The Goal in more detail…

Our full objective is to create a reproducible jenkins k8s based CI environment that contributors, collaborating and downstream companies can easily clone. We see this as important to building an inclusive open-source culture and leading in OSS as an example of how an early-majority complex distributed technology can do QA to a professionally high standard.

In the spirit of open source I believe it is an exciting project: one that will also be a great example of what Jenkins is capable of. I am unaware of other such projects, if you are please let me know.

A number of committers in the Cassandra project will be working on this. As with most OSS projects, we rely a lot on volunteers, so all and any help is welcome and highly appreciated.

It is unusual to send out such a request for such significant scope to a volunteer based mailing list, but given it’s entirely OSS and could be quite prestigious to Jenkins, with room for volunteers in any shape or form, this unusual callout is being made nonetheless. You’re also welcome to reach out to me 1:1 if you have private questions/info.

A bit more technical info…

  • Further goals to the project are as follows:
  1. Faster turnaround times, to match those of our CircleCI setup.
  2. Ensure the CI implementation is intuitive and accessible to new contributors.
  3. Establish an accepted “test result output” format that can certify a commit irrespective of the CI environment, and be permanently archived.
  • We also wish to address several challenges that we currently face:
    A. Easier to debug and tune the setup.
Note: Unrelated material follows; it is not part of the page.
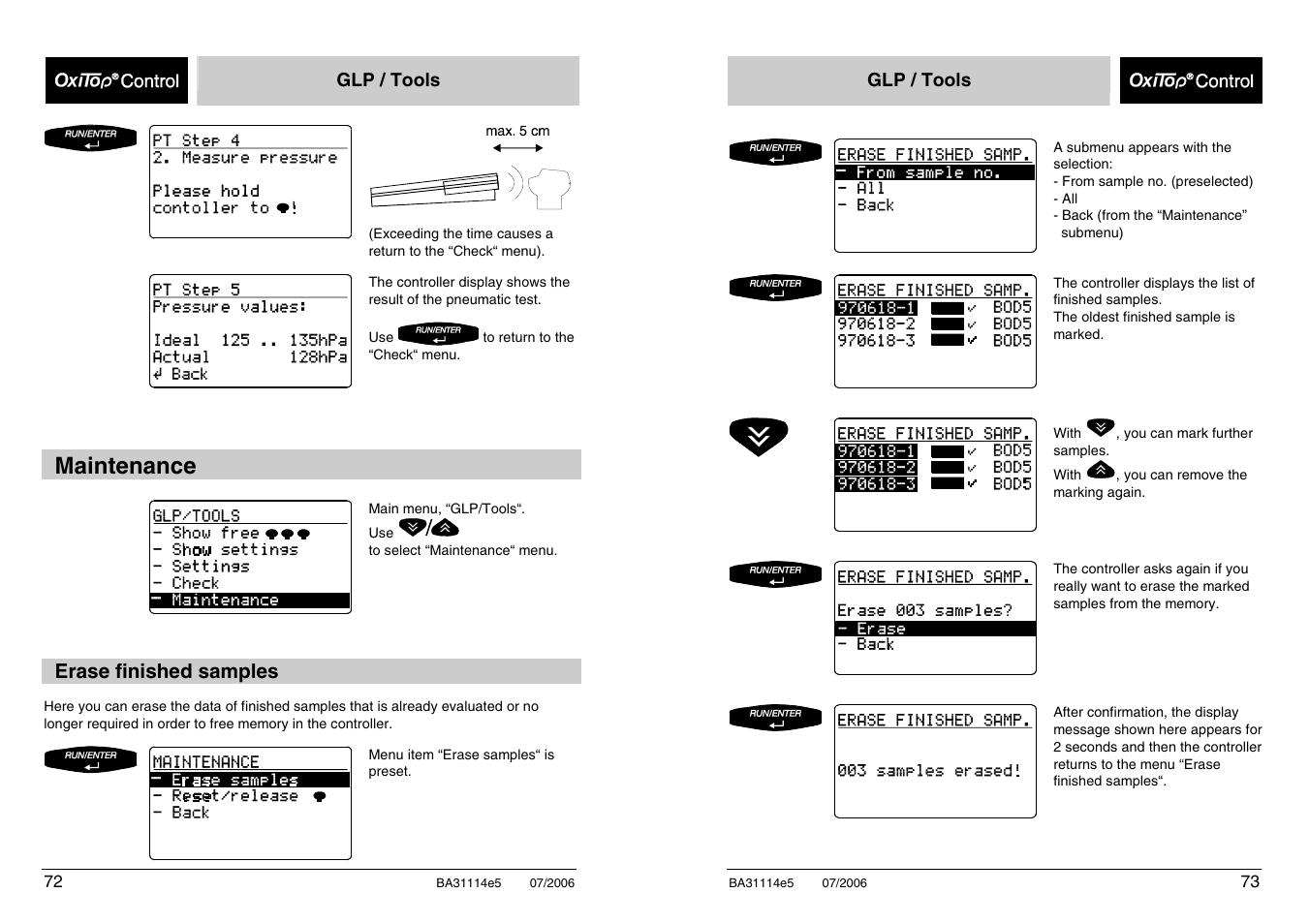 Maintenance | Xylem OxiTopIS OC100 User Manual | Page 72 / 103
Feeding back to a more stable ci-cassandra.a.o platform for our post-commit CI: which remains as our canonical CI and runs on donated heterogeneous hardware around the world.
    B. Make it easier to identify and debug our very rare flaky tests.
    C. Be able to scale pre-commit testing using only OSS solutions.

  • Tearing down the jenkins setup in k8s should be optional, making it easy for devs involved testing cycles (i.e. re-using an already built setup).

More information can be found under the epic: CASSANDRA-18137

regards,
Mick, on behalf of the Apache Cassandra PMC